Network Exploration

Interactive view of an organization’s data sources and the data flowing between them. This pulls from a Google Sheet. The Google Sheets document used below is at https://docs.google.com/spreadsheets/d/14QZbaKMNqGAGQpOPRZDZeHdb9H8kb19Vbv1VBItvpPs/edit?usp=sharing. You will want to make a copy of that and modify it for your own needs, publish and make public (it can be unlisted), and grab the ID from the URL and updated the googlesheets_id value below.

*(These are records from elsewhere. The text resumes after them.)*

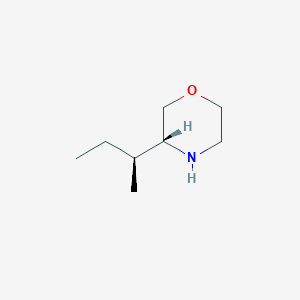 molecular formula C8H17NO B11742387 Morpholine, 3-[(1R)-1-methylpropyl]-, (3S)-rel- CAS No. 1273577-57-3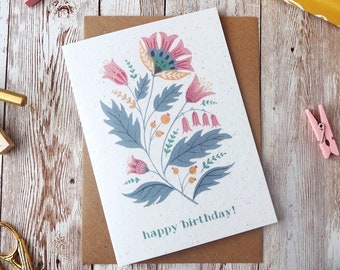 Folk Art Flowers Happy Birthday Card | Blank A6 or A5 Card | Hand Painted Gouache Design | Eco Friendly Plastic Free Greetings Card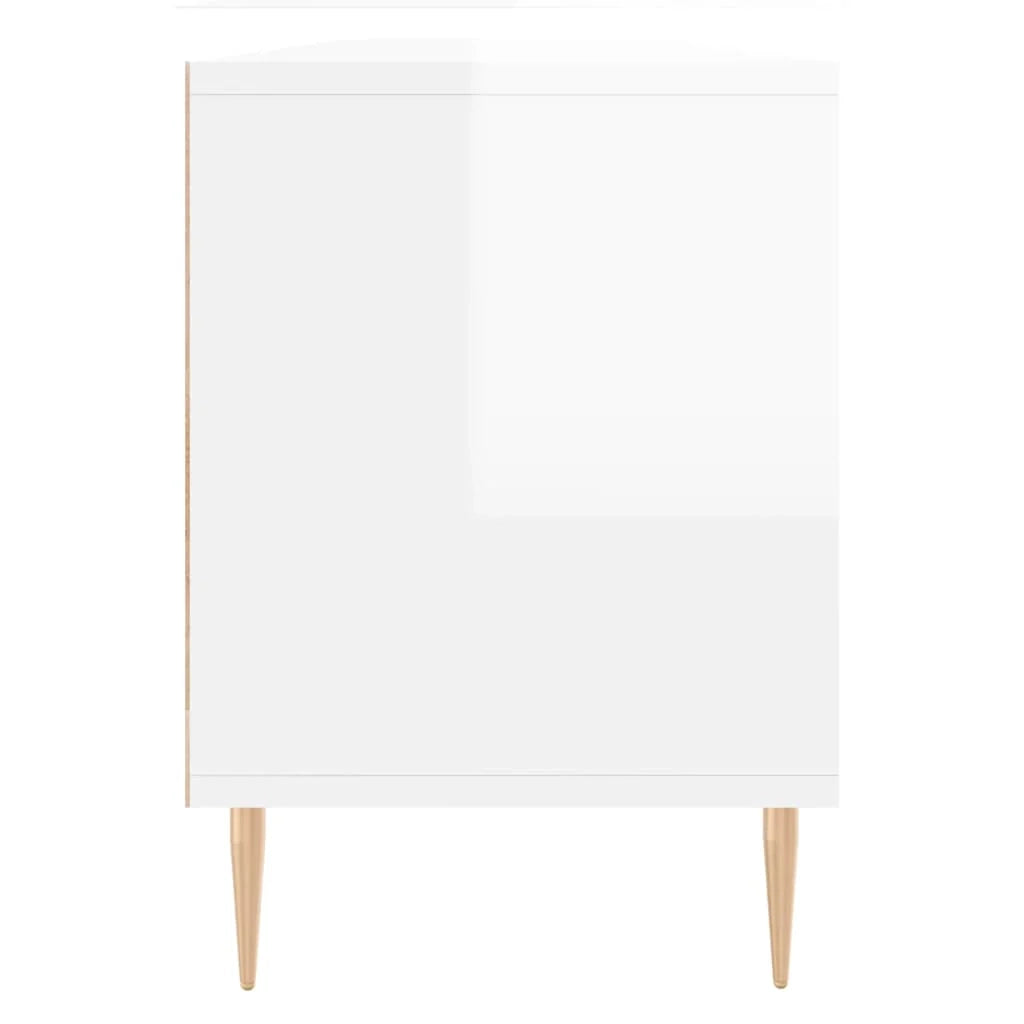 Mobile TV multimediale mensola TV mobile TV sala da pranzo soggiorno camera da letto finitura lucida 150 x 30 x 44,5 cm legno ingegnerizzato bianco 02_0027028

Basic Setup and Get the Data

# See http://kateto.net/network-visualization for some details. Ultimately, it's all hinging on
# the visNetwork package, which has a number of different functions for adjusting the actual visualization.

# Load libraries
if (!require("pacman")) install.packages("pacman")
pacman::p_load(tidyverse,         # Includes dplyr, ggplot2, and others; very key!
               visNetwork,        # For actually creating the visualization
               RColorBrewer,      # For generating a color palette
               googlesheets)      # For retrieving the underlying data from Google Sheets

# Get the ID for the sheet. You can pull this from the URL. The URL for the Google Shee used
# here is at https://docs.google.com/spreadsheets/d/14QZbaKMNqGAGQpOPRZDZeHdb9H8kb19Vbv1VBItvpPs/edit?usp=sharing.
# Make a copy of that and then replace the ID below. Note that the sheet need to be
# *both* Public (unlisted is fine) AND "Published to web"
googlesheets_id <- "14QZbaKMNqGAGQpOPRZDZeHdb9H8kb19Vbv1VBItvpPs"

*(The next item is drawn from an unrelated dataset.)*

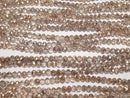 [Video] Glass Beads Faceted Button Rondelle 4.5x4.5x3.5mm Brown Half-Coated 1strand Beads (approx. 15 inches/36 cm)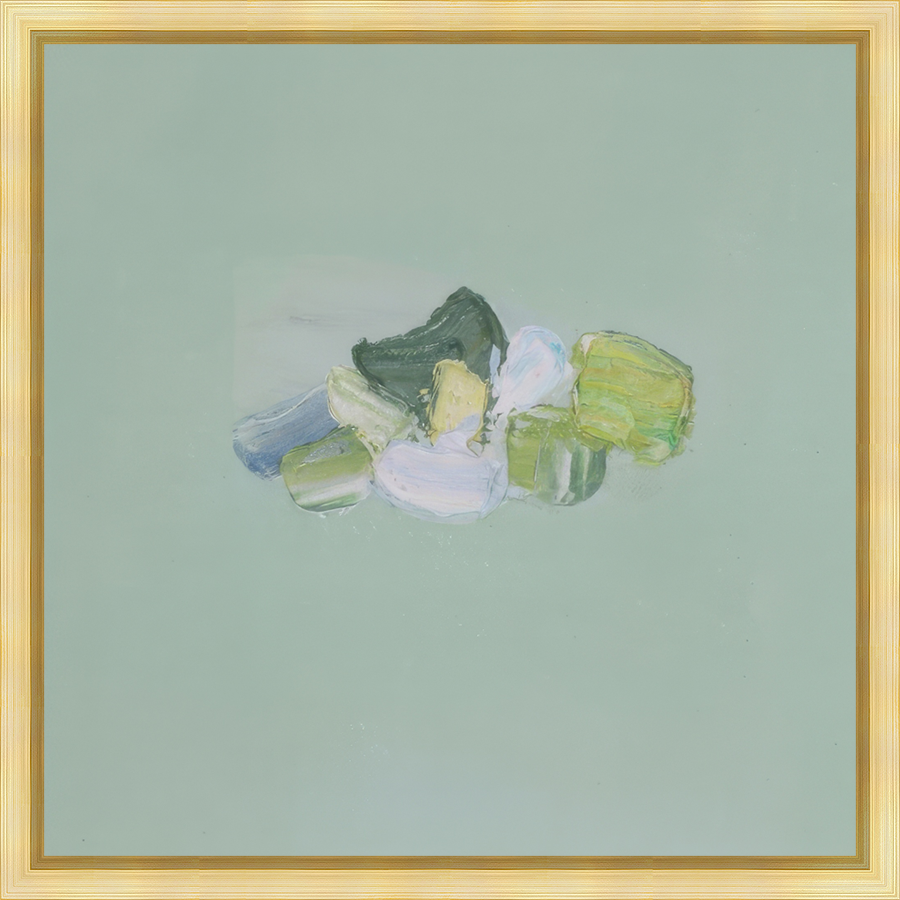 EAHPD07 - GREEN ON GREEN DABBLE framed in a gold floater frame. Finished Size: W 20.00 in x H 20.00 in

# Now, actually get the key for that ID
googlesheets_key <- gs_key(googlesheets_id, lookup=FALSE)

# Get the data
links_raw <- gs_read(googlesheets_key, ws="Data Flows", verbose=FALSE)
nodes_raw <- gs_read(googlesheets_key, ws="Systems", verbose=FALSE)

Data Munging / Transformation

# Convert to network graphing ready objects. This is one set of edges (the data feeds)
# and one set of nodes (the data sources)

# The "links" are the "edges" (the lines connecting the different data sources).
# This part of the script, essentially, renames the columns in the data table to
# match the visNetwork() function's 'edges' argument requirements later in the script.
# Of course, you could just name things that way in the underlying Google Sheet,
# but underlying Google Sheets are rarely designed with that much friendliness.
links <- links_raw %>% 

  # Select the columns that are actually going to be used
  select(from = From,
         to = To)

# The "nodes" are the actual data sources (the circles)
nodes <- nodes_raw %>% 
  select(id = System,
         data_type = `Data Type`,
         owner = Owner)

####################
# We'll size the nodes based on the number of data flows to/from them. The sizing
# could be anything (it could be something to do with the size of the actual system, 
# for instance), so this code can be tweaked accordingly.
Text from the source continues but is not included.